Because causal insights are sought, instrumental variables are employed in the analysis. The lagged value of health as well as dummy variables for England, Scotland and Wales compared to Northern Ireland and the Channel Isles are used as instruments. The former measures the health status that has occurred prior to the measurement of the subjective financial situation. The country dummies are assumed to capture the variation in supply of health at the country level. Following the devolution of governments in the countries of Scotland, Wales and Northern Ireland in 1999, the systems of governance across the countries have evolved in a distinct way [34].

The fixed effects panel-data estimator controls for unobserved individual characteristics, which are assumed to be constant over time, and may determine both health status and financial situation. A fixed effect was also used to control for the different surveys that comprised the combined data and, finally, robust variance-covariance matrix estimates are used to draw inferences to control for heteroscedasticity in the cross-sectional dimension [35]. This will improve the overall precision of estimates and, along with the fixed effect attenuate the effects of differences in the measurement of subjective general health.

In this study, the relevance and validity of the instruments is assessed through two tests [36]. F-tests to assess the joint relevance of the instruments in a regression of the two measures of health on the instruments and other confounding variables. The Hansen-Sargan test is performed to establish if the instrumental variables are correlated with the unobserved errors in the regressions of subjective financial situation on the health measures and other confounding variables. The tests for the relevance and validity of the instruments are reported at the bottom of Tables 2 and 3 which present the regression results. The results of the F-test and Sargan-Hansen test support the relevance and validity of the instruments, respectively. Consequently, causality for the impact of health on financial situation can be inferred.

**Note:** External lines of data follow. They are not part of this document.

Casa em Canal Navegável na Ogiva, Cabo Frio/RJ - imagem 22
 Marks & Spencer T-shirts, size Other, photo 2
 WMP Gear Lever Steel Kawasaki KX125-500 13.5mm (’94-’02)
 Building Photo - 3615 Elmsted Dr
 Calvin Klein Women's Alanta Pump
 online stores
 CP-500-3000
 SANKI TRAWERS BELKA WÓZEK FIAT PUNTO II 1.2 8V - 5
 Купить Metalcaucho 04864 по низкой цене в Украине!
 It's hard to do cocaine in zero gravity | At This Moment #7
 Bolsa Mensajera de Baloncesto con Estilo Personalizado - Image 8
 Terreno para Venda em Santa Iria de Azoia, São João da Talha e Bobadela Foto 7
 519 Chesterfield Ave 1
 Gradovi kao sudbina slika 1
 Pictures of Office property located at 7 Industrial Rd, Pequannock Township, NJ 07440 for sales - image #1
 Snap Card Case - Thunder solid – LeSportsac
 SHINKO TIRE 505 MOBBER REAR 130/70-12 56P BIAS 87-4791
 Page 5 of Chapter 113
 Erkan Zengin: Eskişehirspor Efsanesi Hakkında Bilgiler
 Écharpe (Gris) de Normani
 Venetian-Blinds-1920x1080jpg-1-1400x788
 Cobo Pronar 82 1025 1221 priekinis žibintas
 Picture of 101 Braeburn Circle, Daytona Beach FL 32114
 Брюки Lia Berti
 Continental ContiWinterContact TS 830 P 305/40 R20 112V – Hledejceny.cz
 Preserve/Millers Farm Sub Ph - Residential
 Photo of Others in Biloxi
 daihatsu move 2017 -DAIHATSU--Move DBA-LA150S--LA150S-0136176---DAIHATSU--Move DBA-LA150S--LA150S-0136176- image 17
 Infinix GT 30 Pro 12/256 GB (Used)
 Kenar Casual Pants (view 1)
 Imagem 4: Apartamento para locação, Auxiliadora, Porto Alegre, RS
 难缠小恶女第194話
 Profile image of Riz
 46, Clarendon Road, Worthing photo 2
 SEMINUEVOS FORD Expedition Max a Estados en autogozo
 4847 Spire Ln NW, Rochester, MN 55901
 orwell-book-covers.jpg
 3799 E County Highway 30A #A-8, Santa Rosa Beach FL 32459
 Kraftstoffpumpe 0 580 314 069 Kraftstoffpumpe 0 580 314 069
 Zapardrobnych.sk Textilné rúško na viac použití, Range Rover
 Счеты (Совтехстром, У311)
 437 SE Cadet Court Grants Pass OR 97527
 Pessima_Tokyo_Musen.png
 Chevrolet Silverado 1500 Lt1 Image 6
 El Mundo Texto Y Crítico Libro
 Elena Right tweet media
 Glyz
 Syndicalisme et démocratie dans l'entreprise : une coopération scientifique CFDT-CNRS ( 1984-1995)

Table 2 Instrumental Variable Fixed Effect Panel Estimates
Table 3 Instrumental Variable Fixed Effect Panel Estimates with Age Interactions

In order to further interrogate the relationship between subjective financial situation and health, analysis is conducted across different age groups, by including interaction effects between age groups and the health measures, and for males and females separately. The age groups of 16 to 29; 30 to 64 and above 65 are chosen to best reflect distinct stages of life, in part to reflect World Health Organisation (WHO) guidelines. It is also known that financial circumstances and aspirations vary over the life course. Differences between genders may occur as females are found to exhibit lower financial literacy as well as greater vulnerability financially, so health concerns could exacerbate these issues [37]. Furthermore, males may be less likely to seek help with health-related issues and this might particularly be the case with a persisting traditional male role of financial provider [38, 39].

Results

Tables 2 and 3 present the regression results for the health effects, and health effects and health-age interaction effects, on subjective financial situation respectively.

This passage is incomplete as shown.